Artists could create art together and content creators could collaborate on new projects as holograms, Zuckerberg explained.
The technology will come at a price, though the exact cost is unspecified for now.
Zuckerberg stated that the fully holographic glasses would cost "significantly more" than the $300 Ray-Ban Meta glasses currently on the market and that Meta isn't thinking about selling the glasses to everyone right away.
"We're focused on building the full consumer version of it rather than selling the prototype," he said.
Meta still intends to demo what the prototype can do to the general public — something Zuckerberg stated he was "really looking forward" to.
Another example of a frame-breaking product, according to Zuckerberg, is Meta's upcoming neural wristbands.
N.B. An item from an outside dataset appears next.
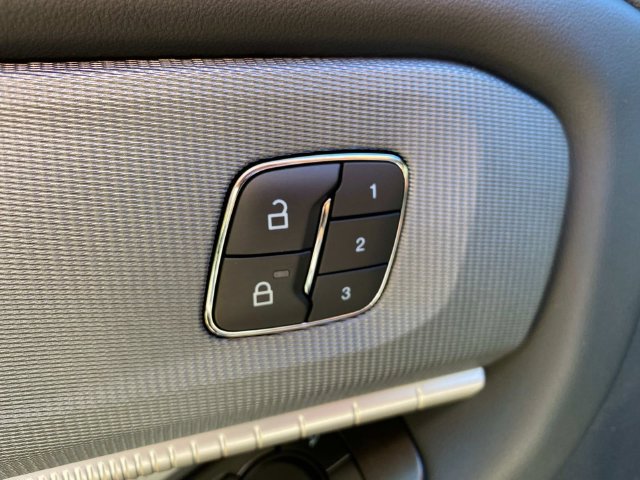 Used 2027 Ford Explorer ST w/ Sun And Sound Package AWD/4WD image 14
The futuristic wrist straps pick up brain signals, without the need for wires or anything attached to the brain, with the aim of one day performing tasks like typing and controlling a computer mouse.
Zuckerberg said that the possibility of paradigm-changing products like holographic glasses and neural wristbands sets technology apart from other fields.
"In a lot of other fields, you can be doing the same thing for a long period of time, whereas in technology, every once in a while something comes along and just unleashes all of these new opportunities and you need to rethink what you're doing," he said.
Meta is currently an industry leader in virtual reality, drawing 37.2% of AR/VR market share in Q1 2024 compared to Apple's 17%.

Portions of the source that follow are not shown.